Exercise brief: Only the lines of the listing below that run from the line with "Dolce & Gabbana Neon" through the line with "Cute Watercolor Llama" are to be set down, word for word. Pictures stay out.

Source data:
● ● ●

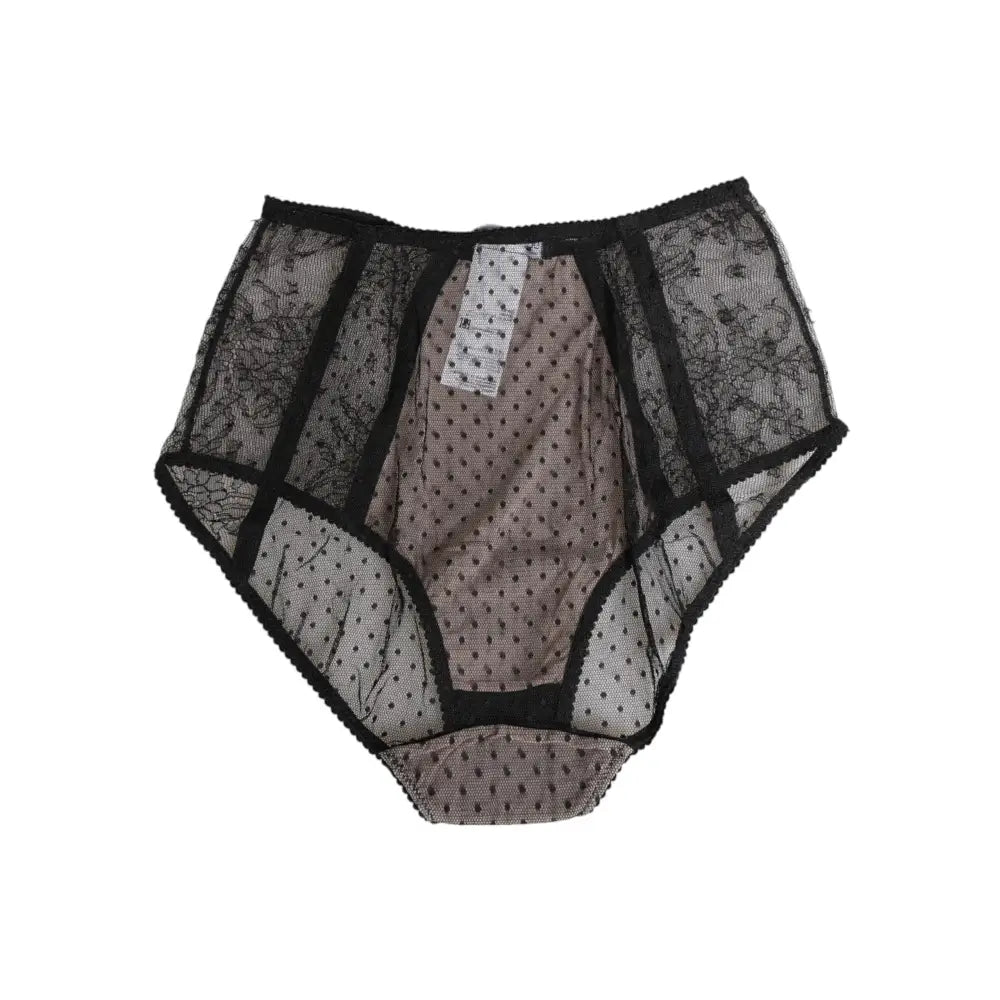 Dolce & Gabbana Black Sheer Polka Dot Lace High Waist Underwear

● ● ●

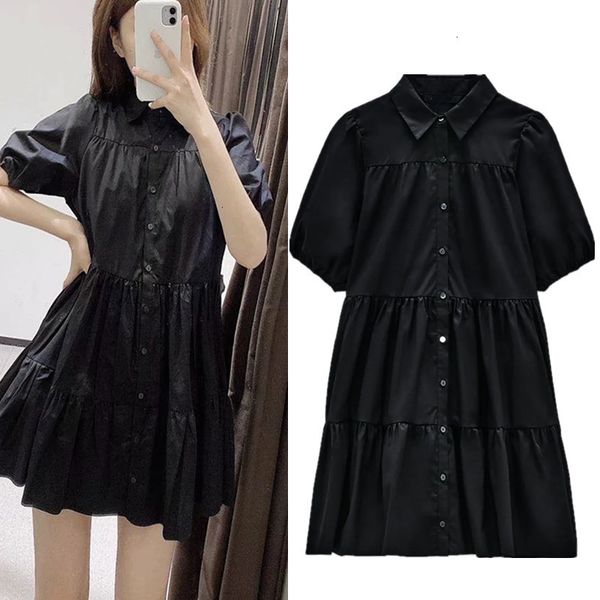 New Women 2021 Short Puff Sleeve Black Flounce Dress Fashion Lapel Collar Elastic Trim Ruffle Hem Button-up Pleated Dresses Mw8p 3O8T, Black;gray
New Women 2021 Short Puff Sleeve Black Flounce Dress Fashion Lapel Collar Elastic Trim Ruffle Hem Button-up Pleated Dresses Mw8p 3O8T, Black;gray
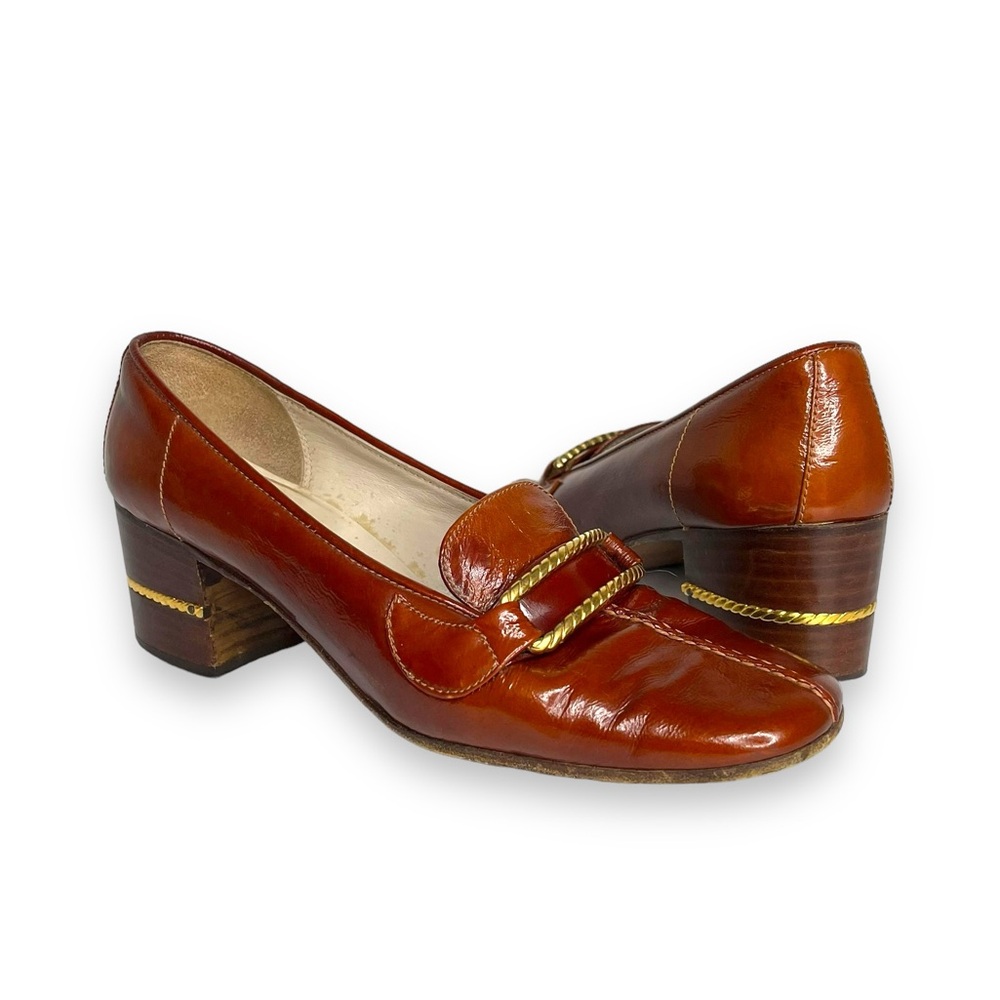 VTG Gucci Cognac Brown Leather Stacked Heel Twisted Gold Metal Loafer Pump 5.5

● ● ●

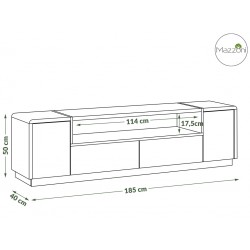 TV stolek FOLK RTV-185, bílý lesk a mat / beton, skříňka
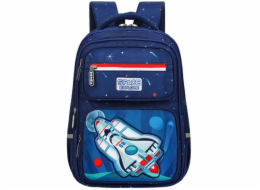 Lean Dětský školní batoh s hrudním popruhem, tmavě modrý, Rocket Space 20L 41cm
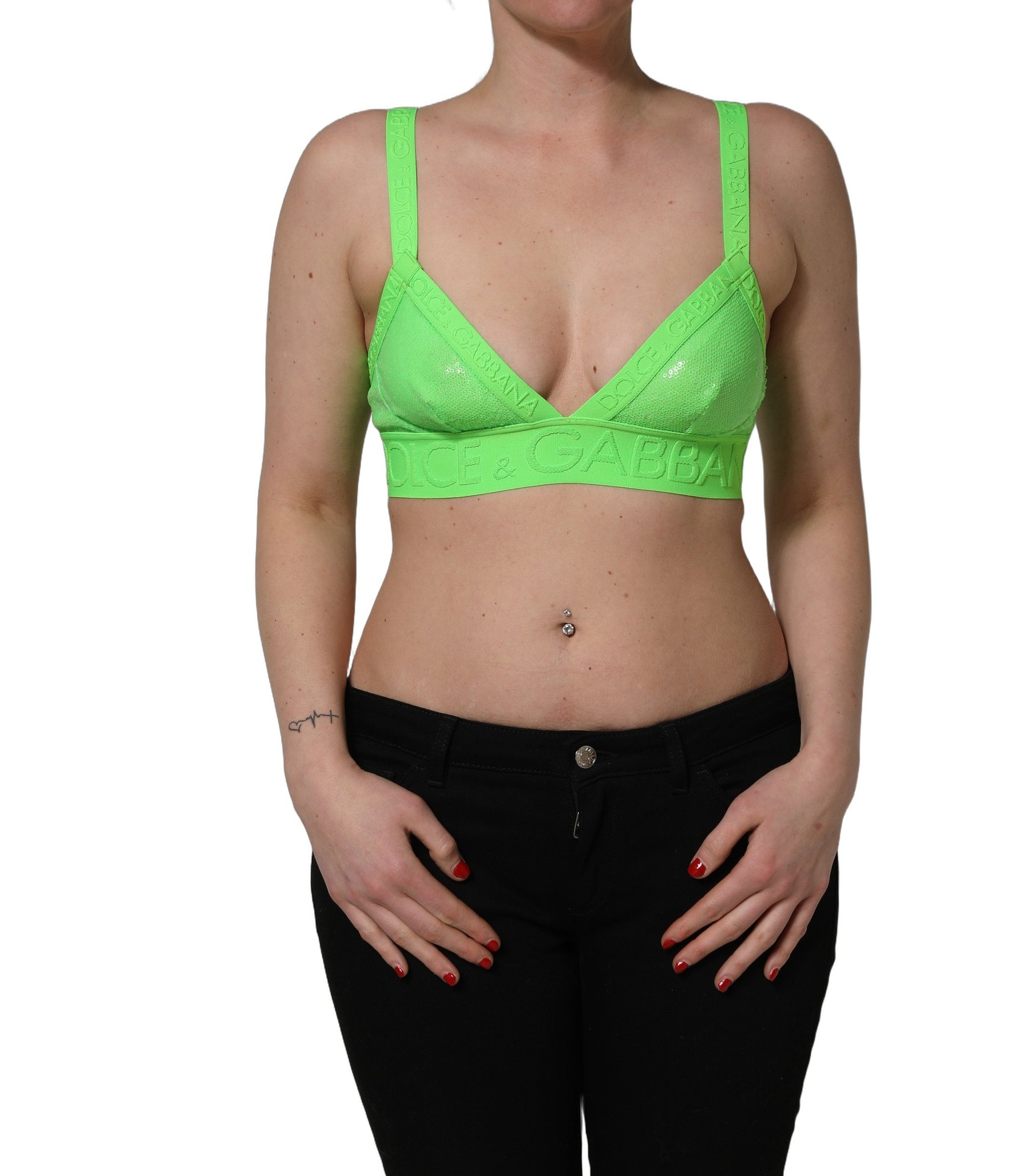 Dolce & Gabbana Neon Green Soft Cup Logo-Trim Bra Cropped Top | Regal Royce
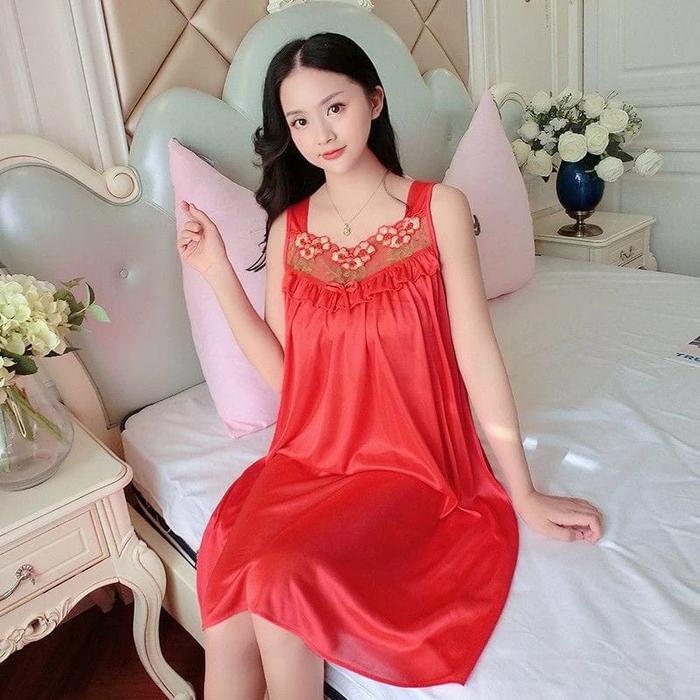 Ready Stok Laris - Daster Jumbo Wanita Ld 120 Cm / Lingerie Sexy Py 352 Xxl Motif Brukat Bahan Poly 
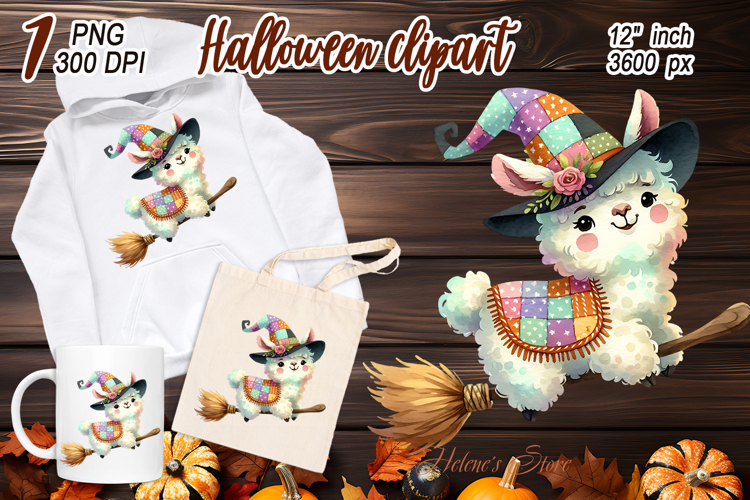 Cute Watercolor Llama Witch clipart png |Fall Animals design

● ● ●

Answer for this exercise:
 Dolce & Gabbana Neon Green Soft Cup Logo-Trim Bra Cropped Top | Regal Royce
 Ready Stok Laris - Daster Jumbo Wanita Ld 120 Cm / Lingerie Sexy Py 352 Xxl Motif Brukat Bahan Poly 
 Cute Watercolor Llama Witch clipart png |Fall Animals design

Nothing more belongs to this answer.